Odpowiedź w tym przypadku jest banalnie proste i rzecz jasna brzmi „nie”. Niestety z roku na rok rośnie liczba osób zadłużonych i rzeczywiście te długi są bardzo duże. Dlatego też trzeba zdawać sobie sprawę, iż jeżeli przyjmiecie testament może się okazać, że przyjęliście go z długami. Ale z drugiej strony obecnie prawo zakłada, że spadkobierca otrzymując długi spłacać je będzie tylko do kwoty w jakiej warty jest spadek. Zatem co najwyżej zostaniecie z niczym, czyli nic nie odziedziczycie, ale też nie stracicie pomijając czas i nerwy. Zawsze więc warto udać się do adwokata by dowiedzieć się więcej. Jednocześnie istnieje możliwość szukania spadkobierców dłużnika i w tym przypadku, gdy ewentualnie roszczenie przedawnia się w nieodległym terminie, można spróbować szukać spadkobierców w dwóch rejestrach ewidencji ludności, czyli rejestrze PESEL i rejestrze mieszkańców. I jako spadkobiercy dłużnika możecie zostać podania do sądu o zwrot długów.

Jak ustalić czy krewny zostawił Wam coś w spadku?

Na pewno przyda się pomoc adwokata od spraw spadkowych (LINK), gdyż sytuacja nie jest łatwa do sprawdzenia. Jeżeli jest testament, to rzecz jasna sprawa wygląda klarownie, ale jeżeli go nie ma, to wtedy należy zgłosić się do sądu rejonowego.
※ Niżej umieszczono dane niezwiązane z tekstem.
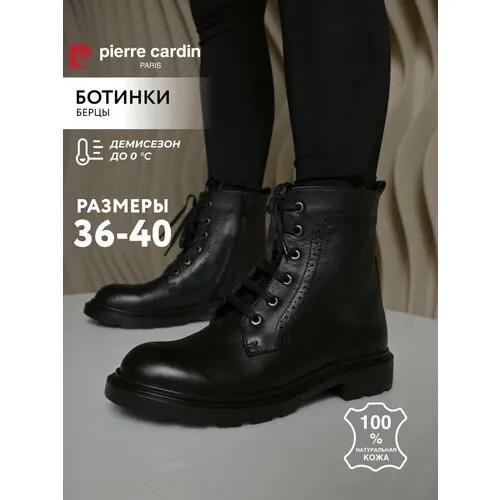 Ботинки Pierre Cardin, размер 37, черный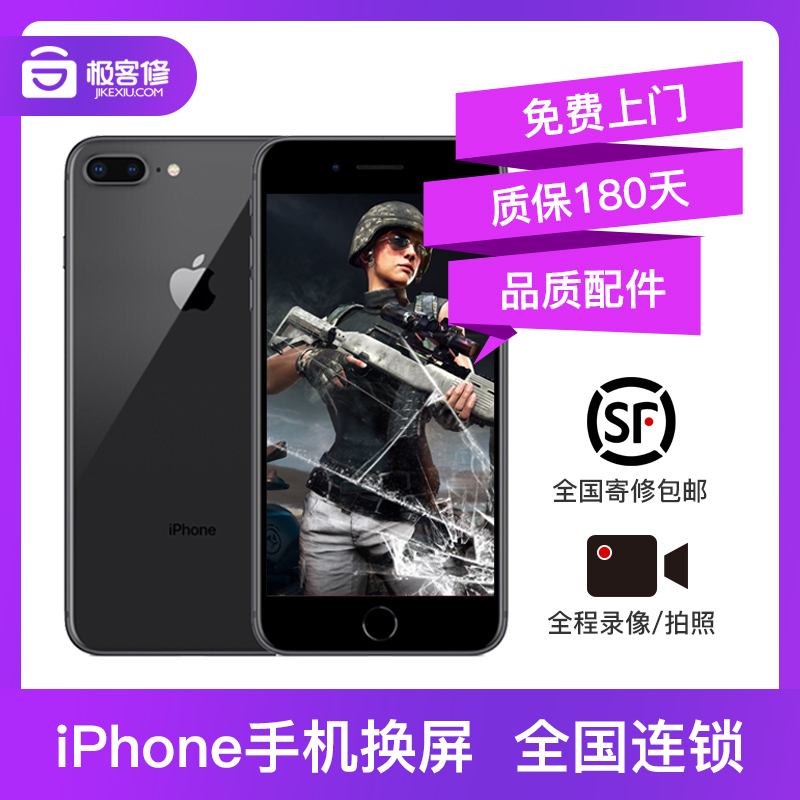 [极客修]苹果 iPhone6plus 内屏故障(触摸失灵、黑屏、花屏)手机维修屏幕总成更换上门维修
Trzeba w nim złożyć wniosek o nabycie spadku. Jednocześnie owy wniosek musi być złożony w sądzie właściwym do ostatniego miejsca zamieszkania spadkodawcy. Każdy wniosek musi spełniać określone wymogi formalne, czyli musi zawierać imię i nazwisko, wasz adres zamieszkania a także imię, nazwisko oraz datę śmierci i ostatni adres zmarłego. Do tego jeszcze dokładne dane personalne i adresy wszystkich spadkobierców. Jednocześnie trudno będzie Wam ustalić jak wygląda majątek zmarłego i czy przypadkiem nie ma on samych długów.

Linia dziedziczenia – jak wygląda?

Aby otrzymać spadek po dalekim krewnym rzeczywiście trzeba być jednym z nielicznych żyjących członków rodziny. Oczywiście w pierwszej kolejności dziedziczy małżonek i dzieci spadkodawcy, ale jeżeli dziecko spadkodawcy zmarło przed otwarciem spadku, to za tę osobę dziedziczą jego zstępni. Dziedziczy małżonek oraz rodzice spadkodawcy, a jeżeli ten nie był w związku formalnym, to wszystko przechodzi na rodziców. Jeżeli zmarły nie miał małżonka, a rodzice już nie żyją to dziedziczy rodzeństwo. Następnie w kolejności są dziadkowie spadkodawcy lub ich zstępni, a dopiero potem pasierbowie.